Si el Gatsby de DiCaprio es inasible, en tanto residuo de una imagen ya sucedida, que en vano busca materializar lo que no pudo ser, lo que ya no será; también entonces la belleza --que resplandece, que a veces casi desvaría- de Daisy Buchanan (Carey Mulligan): ella como el brillo de la luz esmeralda que Gatsby persigue, cuerpo para un sueño: encandilado por ella, haciendo todo por ella. Inventar, así, una historia de vida que le justifique, que le permita reencontrarla para suprimir el hiato, que haga caso omiso a lo sucedido, que suture dos porciones de tiempo en una. Fantasmas de un episodio ahora entretejido de recuerdos, que invariablemente caerá en la vorágine de los '30 y su depresión.
El dinero, la opulencia, las maneras --"fantasmas" también de cómo conseguirlo abundantemente, saturan el relato. También desde su ausencia, desde un río de carbón, de luz negada, de miseria, de ojos vigías, donde derrochar las ganas sexuales para mantener intactas las apariencias de la vida diurna. Llamadas telefónicas de "otros lugares", de "otros apellidos", aquejan a Gatsby desde la diligencia del mayordomo, en un equilibrio delicado que tensa en peligro el desarrollo de su historia planeada. Ella, sólo ella, para la definición de todo un mundo, de toda una vida, creada sólo para alcanzarla. Papel picado, dinero en el aire. La elección final no puede reprocharse, sino sólo entenderse en tanto equilibrio de mundo, cobertura a la que adherirse, ratificación del dinero y lo que estúpidamente --o no- significa.
En este sentido, entender también la ruptura rítmica de la película: del desenfreno a la quietud, de la algarabía de sonrisas y burbujas a una luz cada vez más apagada. Las máscaras caerán de a poco, hasta alcanzar el momento último, la entrega final, la tragedia que debe ser. Gatsby, por ello, como víctima que tiene que sacrificarse, que debe entregarse para que todo sobreviva. Chivo expiatorio para un sueño americano; el del selfmade man, el del pobre devenido rico, el del don nadie, el de la alcurnia inventada. El de los fantasmas, imaginarios y reales, unos como garantía de otros. Contenidos todos por la pluma del atribulado Carraway, narrador apesadumbrado, lleno de angustia.
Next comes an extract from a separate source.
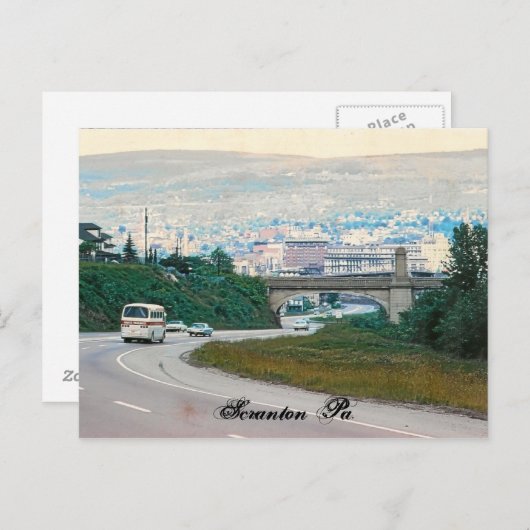 Pardon. Carte postale (Devant / Derrière)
Quien habrá de guiar la atención del espectador hasta el momento último, esencial, casi pasible de ser tocado, agarrado, pero invariablemente resbaladizo, furtivo.
Lo mismo sucedía --otra vez- a Welles/Kane con su esferita de nieve artificial, mientras que a Carraway/Gatsby --de modo elocuente- lo que le llueven son letras, son palabras, o nieve en forma de artificio. El papel picado, el dinero volador, han quedado ya muy lejos. Gatsby se vuelve título del libro de Carraway, de la película de Luhrmann: última palabra pero también, por estructura de relato, la primera. Se cierra entonces el gran portal, el mismo a través del cual el espectador ingresara. Otra vez se ha contado una misma historia. Tanta es la grandeza de la novela de Francis Scott Fitsgerald.